Minister of Hydraulics and Sanitation of the Islamic Republic of Mauritania
- Incumbent
- Assumed office 6 August 2024
- President: Mohamed Ould Ghazouani
- Prime Minister: Mokhtar Ould Djay

Chief Executive Officer of Mauritania Airlines
- In office 2019–2021

Personal details
- Born: 17 September 1983 (age 42) Brussels, Belgium
- Party: Equity Party (Mauritania)
- Alma mater: École Nationale Supérieure d'Arts et Métiers at Paris 6 University

= Amal mint Maouloud =

Amal mint Maouloud is a Mauritanian engineer and politician of the Equity Party (Mauritania). She has worked as Chief Executive Officer of Mauritania Airlines and in the energy sectors of France and Mauritania. She has served as Minister of Hydraulics and Sanitation in the Government of Mokhtar Ould Djay since 6 August 2024.

== Biography ==
Mint Maouloud was born on 17 September 1983 in Brussels, Belgium. She speaks Arabic, English and French.

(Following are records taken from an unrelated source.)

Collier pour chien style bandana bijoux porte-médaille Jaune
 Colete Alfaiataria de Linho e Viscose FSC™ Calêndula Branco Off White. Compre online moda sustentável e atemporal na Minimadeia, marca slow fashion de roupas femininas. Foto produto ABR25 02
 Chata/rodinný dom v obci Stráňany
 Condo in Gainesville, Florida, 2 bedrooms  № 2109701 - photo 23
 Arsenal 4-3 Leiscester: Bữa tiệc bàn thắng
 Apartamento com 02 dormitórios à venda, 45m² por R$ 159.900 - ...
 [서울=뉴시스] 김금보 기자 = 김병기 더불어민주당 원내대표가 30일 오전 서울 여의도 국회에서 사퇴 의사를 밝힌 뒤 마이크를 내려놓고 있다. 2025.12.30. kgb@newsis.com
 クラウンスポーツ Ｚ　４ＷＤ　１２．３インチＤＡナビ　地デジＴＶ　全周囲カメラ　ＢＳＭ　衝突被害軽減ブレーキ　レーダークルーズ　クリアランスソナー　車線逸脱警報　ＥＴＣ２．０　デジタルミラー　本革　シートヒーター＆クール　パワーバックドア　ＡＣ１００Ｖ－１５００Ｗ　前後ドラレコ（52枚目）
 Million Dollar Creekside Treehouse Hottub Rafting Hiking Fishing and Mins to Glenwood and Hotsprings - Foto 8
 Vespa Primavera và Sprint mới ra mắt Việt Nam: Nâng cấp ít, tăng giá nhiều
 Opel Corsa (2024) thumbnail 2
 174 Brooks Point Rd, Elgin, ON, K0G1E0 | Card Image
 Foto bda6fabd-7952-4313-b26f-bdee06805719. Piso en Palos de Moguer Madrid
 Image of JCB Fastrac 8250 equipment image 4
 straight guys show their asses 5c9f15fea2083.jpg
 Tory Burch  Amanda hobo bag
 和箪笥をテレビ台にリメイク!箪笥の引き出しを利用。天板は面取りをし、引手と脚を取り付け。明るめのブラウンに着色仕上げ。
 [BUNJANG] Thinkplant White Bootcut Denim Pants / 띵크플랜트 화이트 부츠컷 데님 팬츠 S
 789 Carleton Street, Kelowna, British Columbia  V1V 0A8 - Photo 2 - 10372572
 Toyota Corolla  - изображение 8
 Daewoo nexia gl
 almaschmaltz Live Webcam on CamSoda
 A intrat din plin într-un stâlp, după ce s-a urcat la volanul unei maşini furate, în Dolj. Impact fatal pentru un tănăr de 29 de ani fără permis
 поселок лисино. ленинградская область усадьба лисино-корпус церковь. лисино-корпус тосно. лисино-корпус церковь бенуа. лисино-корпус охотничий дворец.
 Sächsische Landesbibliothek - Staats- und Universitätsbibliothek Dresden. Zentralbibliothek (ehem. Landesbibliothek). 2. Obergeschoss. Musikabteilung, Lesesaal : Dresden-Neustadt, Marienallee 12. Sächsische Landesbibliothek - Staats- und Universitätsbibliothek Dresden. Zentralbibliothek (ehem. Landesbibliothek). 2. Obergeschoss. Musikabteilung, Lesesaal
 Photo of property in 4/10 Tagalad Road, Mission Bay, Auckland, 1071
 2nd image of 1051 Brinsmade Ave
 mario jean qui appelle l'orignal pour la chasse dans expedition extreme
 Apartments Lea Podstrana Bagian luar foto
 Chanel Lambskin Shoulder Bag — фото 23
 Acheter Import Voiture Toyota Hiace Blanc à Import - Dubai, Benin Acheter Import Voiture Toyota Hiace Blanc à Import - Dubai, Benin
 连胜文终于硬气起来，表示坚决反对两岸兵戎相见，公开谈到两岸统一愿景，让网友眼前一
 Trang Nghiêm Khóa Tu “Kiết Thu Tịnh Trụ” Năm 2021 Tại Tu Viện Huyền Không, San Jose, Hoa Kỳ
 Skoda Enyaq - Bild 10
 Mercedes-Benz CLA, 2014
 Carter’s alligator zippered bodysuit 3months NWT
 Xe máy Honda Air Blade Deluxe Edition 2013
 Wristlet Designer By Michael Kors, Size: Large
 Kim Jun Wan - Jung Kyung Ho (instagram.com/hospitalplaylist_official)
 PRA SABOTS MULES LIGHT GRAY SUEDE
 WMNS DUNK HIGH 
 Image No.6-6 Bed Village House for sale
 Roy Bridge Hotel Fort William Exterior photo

Mint Maouloud trained as an engineer, studying Fluid Mechanics and Energy at the École Nationale Supérieure d'Arts et Métiers at Paris 6 University.

After graduating, mint Maouloud worked as a project engineer at the French multinational electric utility company Électricité de France (EDF) from 2008 to 2010. She moved to Mauritania in 2010, where she worked at the National Agency for Renewable Energies (ANADER), and the Mauritanian Electricity Company (SOMELEC).

From 2019 to 2021, mint Maouloud was Chief Executive Officer of Mauritania Airlines. Following this role, she was an International Consultant in the Energy Sector from 2021 to 2024.

Since 6 August 2024, mint Maouloud has served as Minister of Hydraulics and Sanitation in the Government of Mokhtar Ould Djay. She has sought help from China to resolve water issues in the Mauritanian capital city, Nouakchott through the installation of water treatment systems at the Beni Nadji water plant. She has also met with Mohamed Ben Attou, Ambassador of Algeria to Mauritania, has partnered with Morocco on water projects, and held talks with the Secretary-General of the United Nations (UN) Water Convention (UNWater), Sonja Koeppel, in Ljubljana, Slovenia. She has spoken at international events such as a MENA Water Development Finance Forum panel discussion on climate finance and water resources held in Kuwait.